Creating Informed Consumers: A philosophy of choice is viable only with persons who have the neurological capacity for decision-making, who believe they have the right to make their own choices and who are aware of and can evaluate available service and support options. Creating informed, assertive consumers of addiction treatment and recovery support services can be enhanced by: 1) affirming the service consumer’s right to choose, 2) distributing and reviewing consumer guides on treatment and recovery support services published by recovery advocacy organizations, 3) teaching service consumers how to recognize quality services, 4) encouraging consumers to visit service options before making a decision (versus taking whatever is offered them), and 5) defining the criteria by which the client and service specialist will know if participation in a particular group is working or not working (Bev Haberle, personal communication). Similar considerations need to be extended to educate the family members of those needing or seeking recovery.

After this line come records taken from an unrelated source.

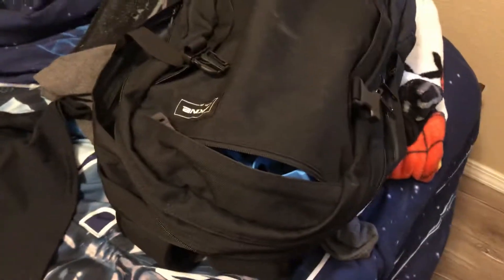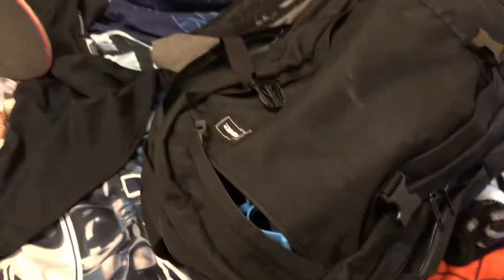Attempt number three of filming this intro. Today we're doing a tutorial on what you should put in your backpack when you go skating. Getting straight to the point.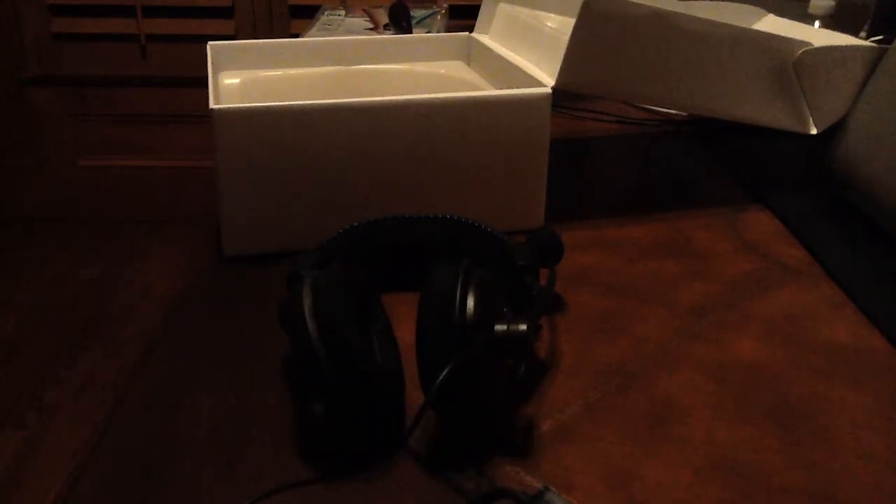That's about all for this unboxing. I hope you enjoyed, and as always I'll see you guys next time. Peace.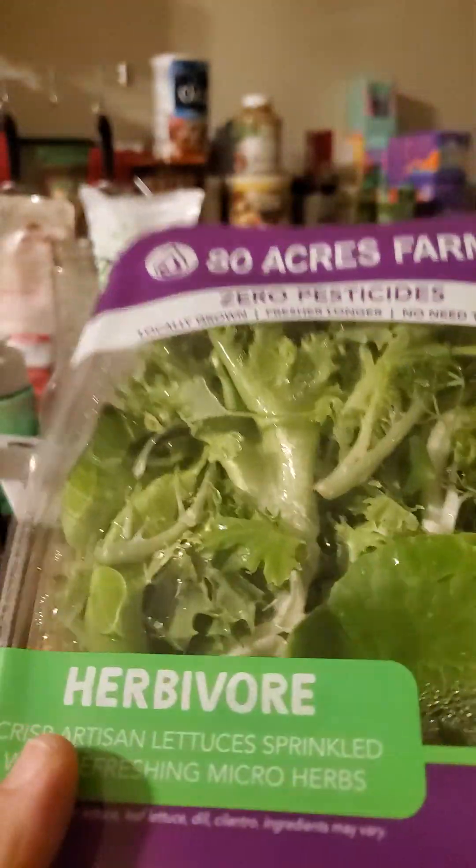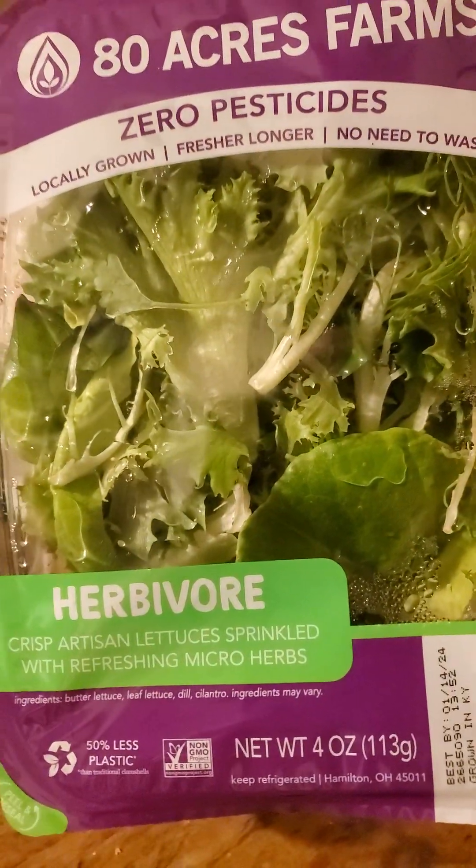I think that's it. Yep, that's it. So let's try it out. Now, I know it says that I don't need to wash it, but it seems like every time I have salad these days, I get diarrhea.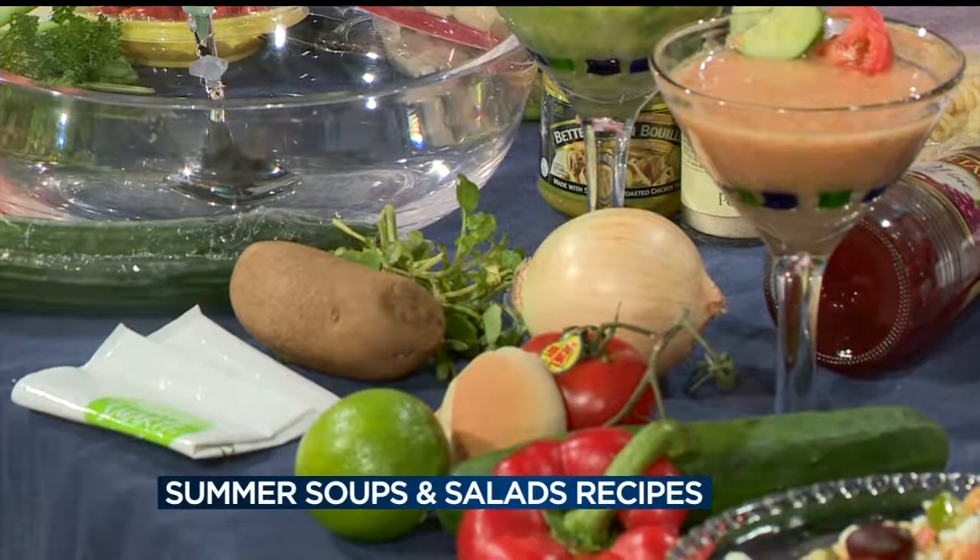So you don't cook the peas? No, you don't cook the peas at all. In fact, I cool down the potatoes before I put the peas in so you get the green color — otherwise it would fade. So it's in the instructions.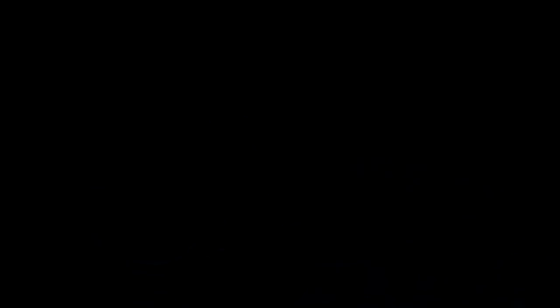Today I'll be painting some Hiveguard and Warriors. These are the relatively new Hiveguard because I don't like the old ones — they're metal, very front-heavy, and they kind of suck when you're playing with them on the battlefield. So I'm going to work on painting up these guys.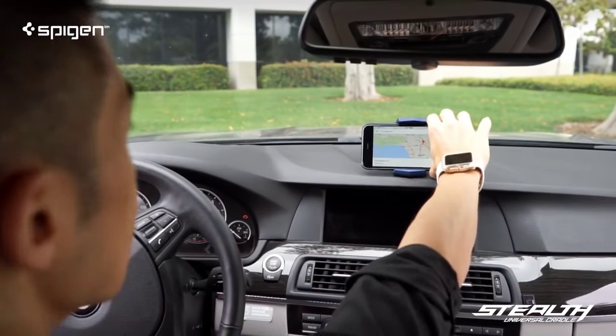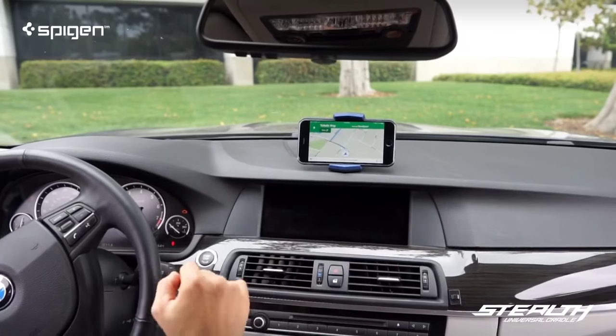Just mount your phone with one hand and you're good to go. Keep things simple, who wouldn't like that?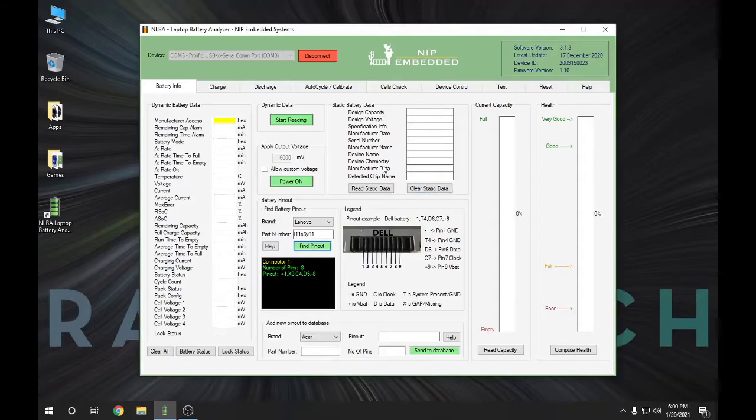With a stone dead battery, you have to apply an output voltage to turn on the chip inside the battery, even if your laptop couldn't power it up because of the way your laptop is designed. I'm going to go ahead and power on the battery first, then hit Start Reading Dynamic Data to see if we have communication — which we do. I'm also going to read the static data, then hit Stop Reading for now.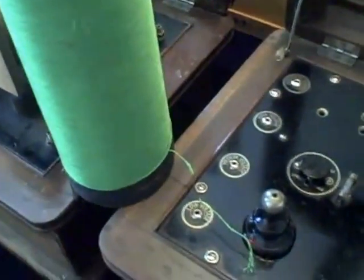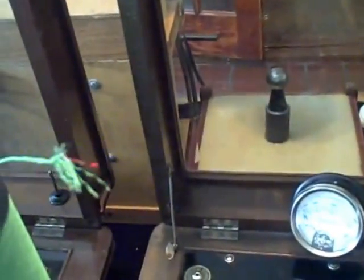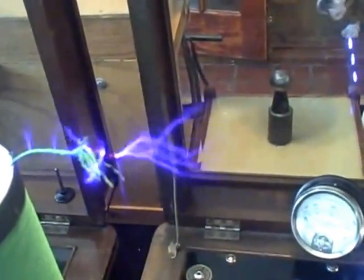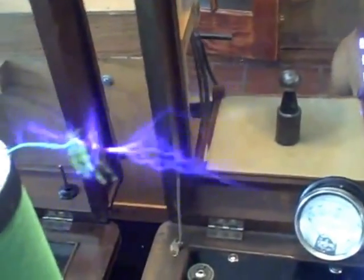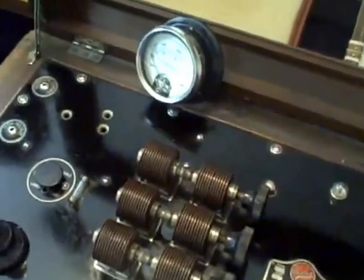Using Tesla's principles, we can connect an extra coil — a tertiary coil — to the machine, and actually produce output similar to a normal Tesla coil. So you're able to demonstrate simple Tesla principles with these machines without destroying them historically.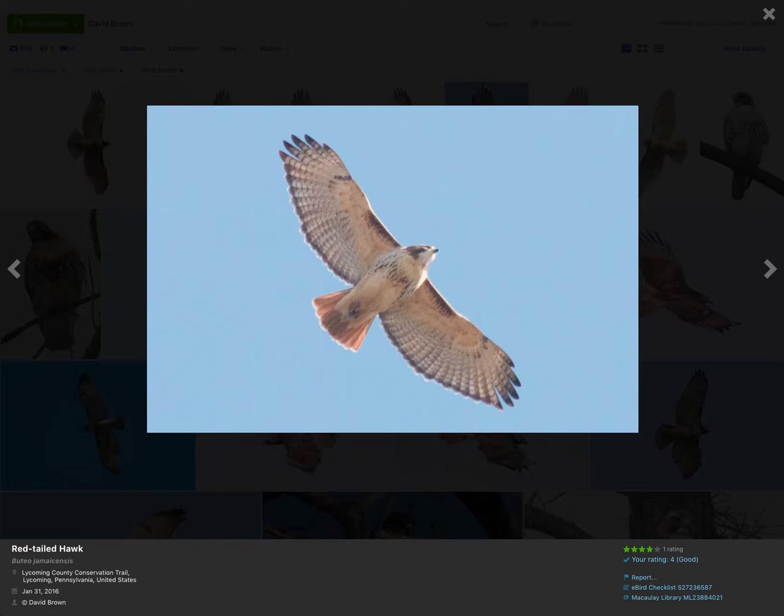Hi, this is David Brown, and today I want to talk about how to tell broad-winged hawks from red-shouldered hawks based on views you might have at a hawk watch. The target audience of this video is beginner hawk watchers in eastern North America who are looking for a summary or a review of identifying buteos, perhaps before a day of hawk watching.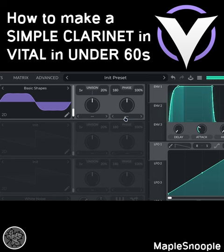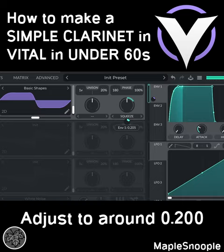Go to Oscillator 1 and choose Basic Shapes. Choose a second waveform. Turn on Squeeze, and modulate Squeeze with Envelope 1. Adjust it to around 0.2.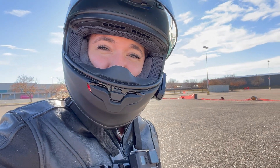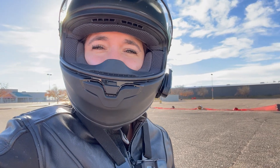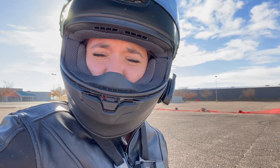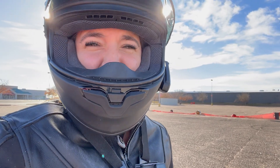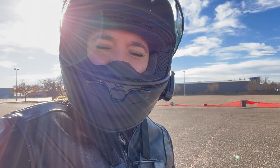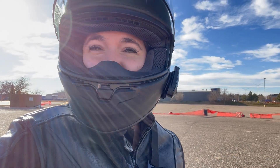Hey Rocky Mountain Rebels, doing our first test ride today on the Honda CRF300L. I've got the one with ABS, my brother-in-law's got the one without. We are just playing around in the parking lot. They are very interesting. I'm going to ride it around for a while and then I'll do a video probably back at home talking about my thoughts on it, but it is very different than my Rebel. That's all I can say right now.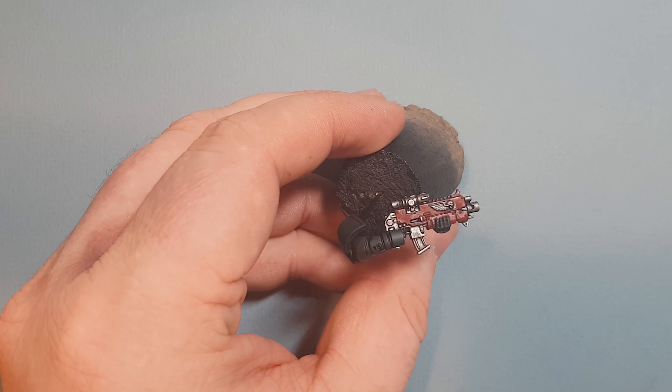The last thing we're going to do on this model are the eyes. I'm going to take some White Scar and paint that into the eye socket. I'm probably using too big a brush for this — I could have dropped down a brush size — but we've got a decent tip on it so it should be all right. Work that into both eye sockets and let it dry.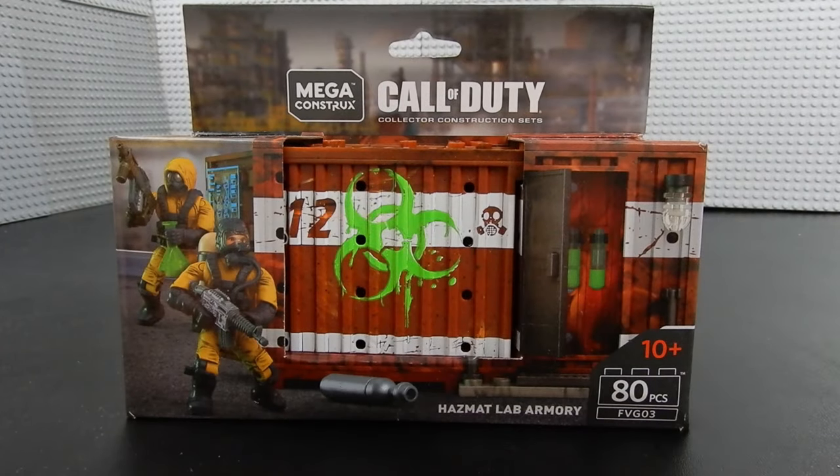Hello friends, Christian here with BrickLife Crisis. Today we're taking a look at the Mega Construx Call of Duty Hazmat Lab Armory. The set consists of 80 pieces including two micro action figures. Let's go ahead and crack it open and take a look.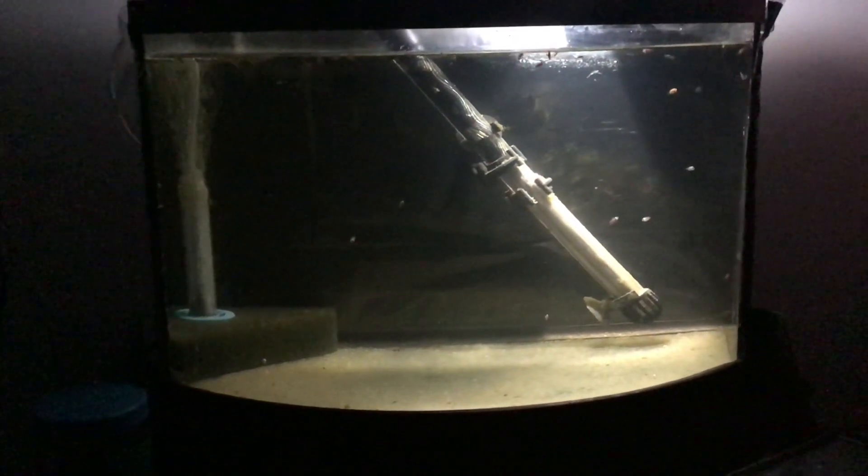Hello and welcome everybody to my channel. As many of you know, we have had some success in raising some clownfish babies.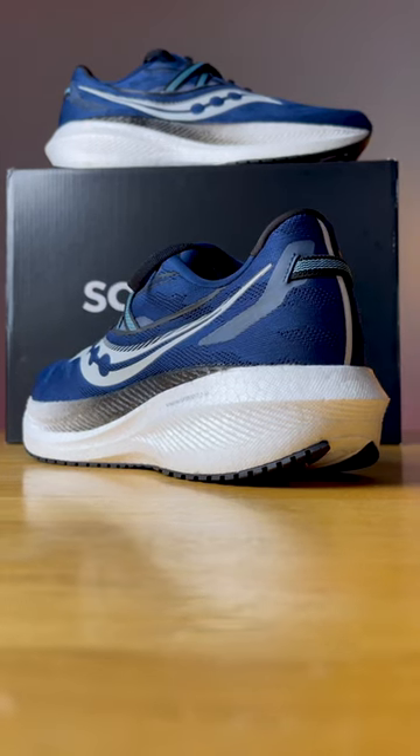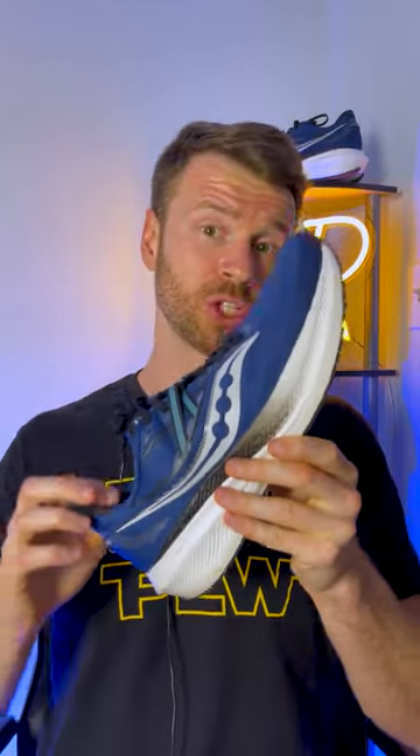Overall, this is definitely one of the softest classic neutral daily trainers on the market right now. I will say it does feel slightly bulkier compared to the Triumph 19.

There's a lot here, more than will fit into one blog commentary. The authors clearly see the main issues. They have framed the topic in a way that can lead to useful discussion and to therapeutically important program reforms. LifeRing convenors, who have been facilitating the practice of choice philosophy in recovery for a considerable period of time, will have much experience to contribute to this discussion. It is gratifying to those of us who believe that recovery by choice is the wave of the future that these concepts are now being understood, formulated, and endorsed by respected and learned voices in the addiction treatment profession.

2 comments:

Anonymous said...

Snore...

Anonymous said...

I find it interesting you refer to addiction as a disease. If it is a choice and a lifestyle, can one choose to not be diseased? If its a disease for life how can it then be "cured" by recovery?

Not sure I buy into the disease model, which seems to be a construct the benefits the insurance companies and treatment centers the most. If I did buy it, I don't think I would be sober and clean today. I can't think of any other disease you can set your mind, stand up and walk away from by choice.